Cuando el antropólogo les dio la señal de inicio, y pensó que iban a correr para llegar primero y ganarse las frutas, se sorprendió de que aquellos niños tan pequeños comenzaran a caminar todos juntos, tomados de las manos, hasta que llegaron al árbol. Al mismo tiempo tocaron la canasta, y compartieron todo su contenido.
Sin salir del asombro, les preguntó por qué lo hacían, si cada uno de ellos podría haber conseguido la canasta de frutas para ellos y para repartirla con sus familias. Los niños respondieron, todos juntos y a una sola voz, con una palabra: ¡Ubuntu!
Ya muy intrigado, el antropólogo indagó, entre los adultos de la tribu, por la palabra y lo que le pareció el extraño suceso.

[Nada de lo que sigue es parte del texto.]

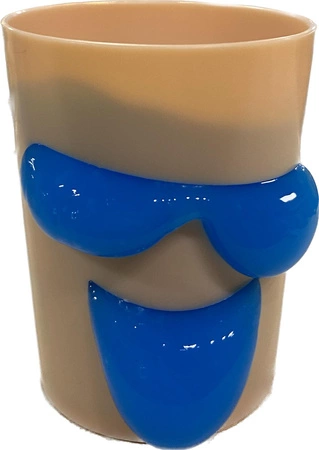 GLUŚ PRYKACZ - różowy/niebieski/zielony Estetica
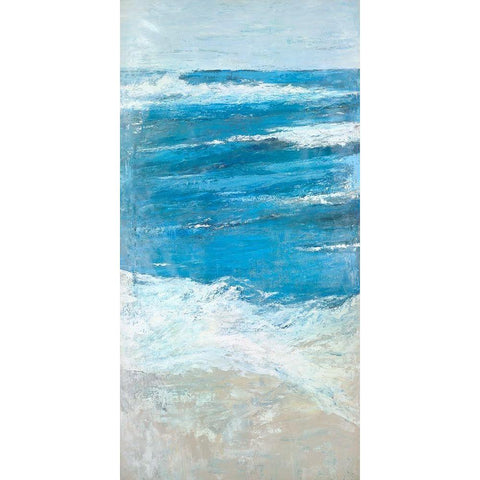 The Shoals Black Modern Wood Framed Art Print by Wilkins, Suzanne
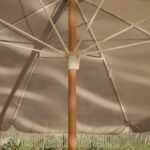 Oia Round Parasol 2m - Wooden Pole - Natural - Image 4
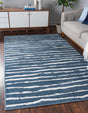 Blue 4' 1 x 6' 1 Sabrina Soto Outdoor Rectangle Area Rug Weather Resistant for Patio, Deck, Terrace, Balcony, Porch Durable Carpet for Exterior Home Design for Sale at Rug Engine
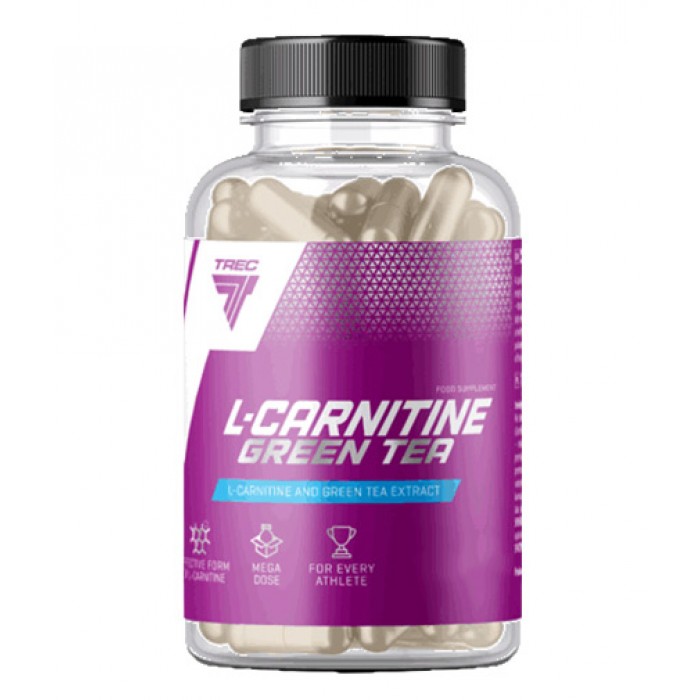 TREC NUTRITION L-Carnitine + Green Tea Caps / 180 Caps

Pues resulta que “ubuntu”, en el lenguaje de su civilización, significa “yo soy porque todos somos”. Es decir, según la educación que recibieron de sus padres y abuelos, todos crecen instaurando esta interrogante en su alma: ¿Cómo puede solo uno de nosotros ser feliz, mientras todos los demás son miserables?
Esta historia hermosa nos hace entender el verdadero sentido de lo que es la cooperación, la solidaridad y acompañamiento entre los seres humanos, desde su llegada y comprensión del mundo.

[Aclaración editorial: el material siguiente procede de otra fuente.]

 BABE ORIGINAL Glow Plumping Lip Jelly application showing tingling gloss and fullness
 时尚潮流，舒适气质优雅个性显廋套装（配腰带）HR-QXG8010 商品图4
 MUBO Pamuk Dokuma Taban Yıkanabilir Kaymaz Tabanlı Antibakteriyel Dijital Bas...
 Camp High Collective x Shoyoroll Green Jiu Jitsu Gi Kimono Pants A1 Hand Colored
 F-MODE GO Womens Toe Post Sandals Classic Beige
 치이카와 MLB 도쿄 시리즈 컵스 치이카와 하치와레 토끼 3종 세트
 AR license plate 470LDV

Sin recibir instrucción académica, son dueños de esos valores y sentimientos tantas veces olvidados en las sociedades que se consideran a sí mismas civilizadas, y que incluso desdeñan estos conocimientos ancestrales por creer fielmente que los trascienden.

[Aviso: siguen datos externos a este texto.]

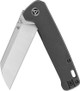 QSP Knives Penguin Plus Frame Lock Flipper Knife - 3.375" CPM-20CV Satin Blade, Black Stonewashed Titanium Handles - QS130XL-C2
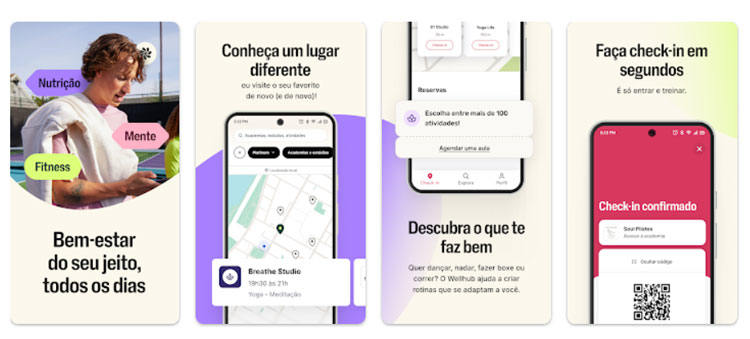 Check in Wellhub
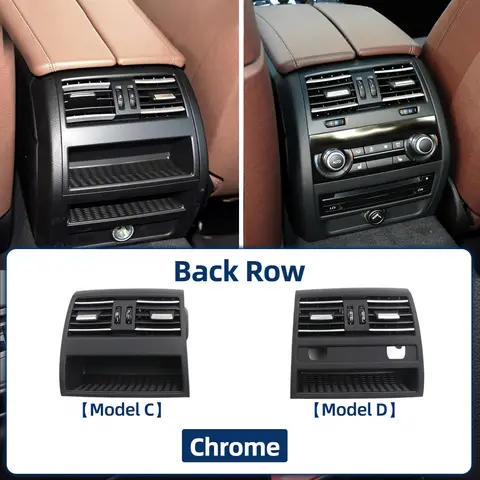 왼쪽 오른쪽 중간 후면 벤트 그릴 커버 어셈블리 배출구 그릴 패널 선택 BMW 5 시리즈 64229166883 64229166884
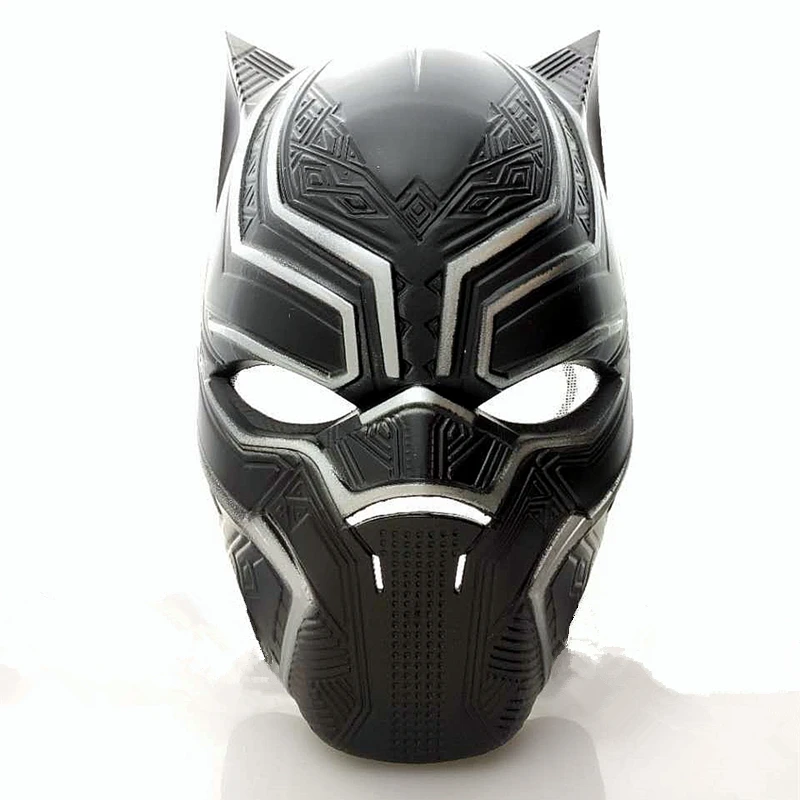 

Marvel Heroes Fightin Captain America Black Panther Mask Cosplay Animal Masks Airsoft Cs go Protective costume game DC paintball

Y es que, por encima de todo, nada habla más claro del desarrollo en la mente y el corazón de los seres humanos que aquello que los eleva por encima de sus propios deseos y sus íntimas aspiraciones, y sitúa sus anhelos siempre al servicio de los demás.
Muchas veces, en nuestras sociedades, se cría a los hijos sin insistir en ese don grandioso que es el compartir, el mirar al lado para ver quién tiene menos o le falta todo, para así poder entregar parte de lo que tenemos y que nadie cerca de nosotros se sienta miserable.
Sociedades más ricas, dueñas de casi todas las riquezas del mundo, no miran suficiente para otras zonas desfavorecidas de la Tierra, porque así es el esquema del egoísmo más crudo, el que propicia que el desarrollo sea tan desigual y que las brechas nunca se acorten.
Parece de ensueño el anhelo de que cada ser diseñe en sus sentimientos un esquema en el que cada día cuente, para su felicidad propia, la felicidad que pueda provocar en los demás, tan solo por el hecho de permanecer atento a si se puede hacer a alguien feliz, porque solo así lo será el resto.
Mientras, y quizás por el egoísmo más antiguo, en el mundo occidental tan civilizado, en tantas regiones del planeta donde las riquezas son inmensas, y son dueños de conocimientos amasados por siglos de investigaciones y descubrimientos, desconocen de manera risible el significado de una palabra que a diario resuena en una pequeña tribu africana y que entraña su verdadera riqueza: Ubuntu.